Así, vuestro diario «sacrificium laudis », unido al cántico que constituyen vuestras vidas de personas consagradas en la vocación de clausura, anticipa ya en esta tierra algo de la eterna liturgia del cielo. La contemplativa, afirmaba la beata Isabel de la Trinidad, «debe estar siempre dedicada a dar gracias. Cada uno de sus actos y movimientos; cada uno de sus pensamientos y aspiraciones, al mismo tiempo que la arraigan más profundamente en el amor, son como un eco del Sanctus eterno» (Escritos, Retiro, 10, 2).

3. La Eucaristía es el don que Cristo hizo a su Esposa en el momento de dejar este mundo para volver al Padre. Queridas hermanas, la comunidad cristiana reconoce en vuestra vida un «signo de la unión exclusiva de la Iglesia- Esposa con su Señor» (Vita consecrata,  59). El misterio de la esponsalidad, que pertenece a la Iglesia en su totalidad (cf. Ef 5, 23-32), asume en las vocaciones de especial consagración un relieve particular, que alcanza su expresión más elocuente en la mujer consagrada, pues, por su misma naturaleza, es figura de la Iglesia, virgen, esposa y madre, la cual mantiene íntegra la fe que le dio a su Esposo, engendrando a los hombres a una vida nueva en el bautismo.

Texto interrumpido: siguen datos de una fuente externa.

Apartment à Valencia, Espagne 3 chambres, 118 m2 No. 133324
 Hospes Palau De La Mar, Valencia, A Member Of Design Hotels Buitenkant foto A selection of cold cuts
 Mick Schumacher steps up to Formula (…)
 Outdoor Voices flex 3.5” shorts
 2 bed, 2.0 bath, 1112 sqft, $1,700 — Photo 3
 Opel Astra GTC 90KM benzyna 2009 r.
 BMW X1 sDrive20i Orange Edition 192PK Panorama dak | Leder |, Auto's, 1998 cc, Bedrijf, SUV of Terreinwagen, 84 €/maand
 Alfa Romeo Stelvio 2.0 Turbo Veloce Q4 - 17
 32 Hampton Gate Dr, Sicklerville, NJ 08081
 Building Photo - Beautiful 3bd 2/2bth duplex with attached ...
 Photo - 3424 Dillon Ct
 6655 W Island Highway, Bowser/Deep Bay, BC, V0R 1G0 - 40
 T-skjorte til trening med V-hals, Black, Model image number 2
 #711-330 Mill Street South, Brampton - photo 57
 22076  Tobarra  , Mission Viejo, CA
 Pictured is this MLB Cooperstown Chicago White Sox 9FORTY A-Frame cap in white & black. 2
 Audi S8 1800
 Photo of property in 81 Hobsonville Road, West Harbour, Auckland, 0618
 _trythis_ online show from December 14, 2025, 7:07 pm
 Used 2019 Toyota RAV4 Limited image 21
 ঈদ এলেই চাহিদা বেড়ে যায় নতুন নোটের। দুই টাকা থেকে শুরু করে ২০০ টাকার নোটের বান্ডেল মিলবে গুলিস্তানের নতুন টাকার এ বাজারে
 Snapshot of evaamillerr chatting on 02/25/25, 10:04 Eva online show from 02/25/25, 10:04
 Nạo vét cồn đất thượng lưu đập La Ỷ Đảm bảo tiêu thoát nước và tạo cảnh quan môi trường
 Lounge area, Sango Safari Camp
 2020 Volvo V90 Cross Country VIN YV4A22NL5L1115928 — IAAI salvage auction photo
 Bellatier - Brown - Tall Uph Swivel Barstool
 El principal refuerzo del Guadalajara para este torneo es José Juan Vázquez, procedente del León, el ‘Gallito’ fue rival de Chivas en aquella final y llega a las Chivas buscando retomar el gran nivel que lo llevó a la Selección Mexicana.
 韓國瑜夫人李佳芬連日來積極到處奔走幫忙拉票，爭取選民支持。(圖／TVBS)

En la monja de clausura, además, precisamente porque está consagrada a vivir en plenitud el misterio esponsal de la unión exclusiva con Cristo, «se realiza el misterio celeste de la Iglesia» (San Ambrosio, De institutione virginis, 24, 255: PL 16, 325 C). Al misterio del «cuerpo entregado» y de la «sangre derramada », que toda Eucaristía representa y actualiza, la monja de clausura responde con la oblación total de sí misma, en la renuncia completa «no sólo de las cosas, sino también del "espacio", de los contactos externos, de tantos bienes de la creación» (Vita consecrata, 59). La clausura constituye una manera particular de «estar con el Señor», participando en su anonadamiento en una forma de pobreza radical, mediante la cual se elige a Dios como «lo único necesario» (cf. Lc 10, 42), amándolo exclusivamente como el Todo de todas las cosas. De ese modo los espacios del convento de clausura se dilatan en horizontes inmensos, porque están abiertos al amor de Dios que abraza a toda criatura.

Por tanto, la clausura no es sólo un medio de inmenso valor para lograr el recogimiento, sino también un modo sublime de participar en la Pascua de Cristo. La vocación a la vida contemplativa os inserta en el Misterio eucarístico, favoreciendo vuestra participación en el sacrificio redentor de Jesús por la salvación de todos los hombres.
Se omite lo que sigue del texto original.